I've usually heard that movies and TV are at 30FPS cuz that's about the maximum that the human eye can see. But when I play C-Strike and change the FPS_MAX from 30 to 100, I can totally see a difference. But as the people above me said, it's probably just the split-second framerate drops that make things look jerky.
 
kiyoshilionz said:
I've usually heard that movies and TV are at 30FPS cuz that's about the maximum that the human eye can see. But when I play C-Strike and change the FPS_MAX from 30 to 100, I can totally see a difference. But as the people above me said, it's probably just the split-second framerate drops that make things look jerky.
The resolution and complexity of the image are totally different between a movie screen and a monitor, hence the need for more FPS. Also, of the 30 fps in a movie, 3 of those are the same frame. Check out those links above ;)
 
Neither your eyes nor your brain see things in frames per second. Your eyes, the connecting nervous system and your brain all function on chemical reactions and incredibly small electrical currents.

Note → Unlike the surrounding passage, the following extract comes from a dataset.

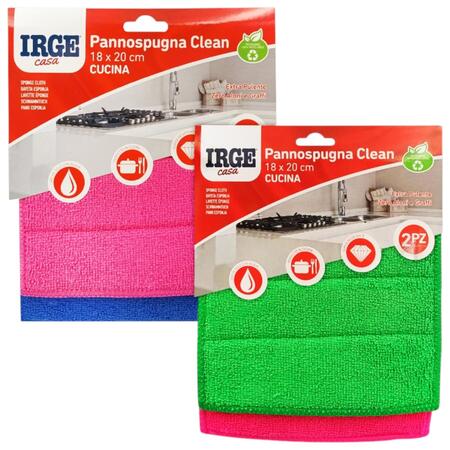 IRGE PANNO MICROFIBRA 2 PEZZI 18X20 CM (Confezione da 12 pezzi)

All of that basically means that person A could potentially see events taking only 1/200th of a second, whereas person B could potentially see only events taking 1/100th of a second and nothing faster. Furthermore, by simply drinking more water or having more electrolytes in your body could actually change that value, maybe even drastically. Hell, a ton of things are capable of changing it: what you had to eat in the last 24 hours, body temperature, allergies ;), general state of health, age, even your general stress level can affect these chemical processes.

Also something to remember: frames rendered in movies and TV are radically different than frames rendered on a computer screen. Both movies and television use motion blur, so that very high motion doesn't appear choppy even at a paltry 30FPS. Your computer doesn't perform motion blur (in most circumstances) so the frames can be very jerky during a quick movement.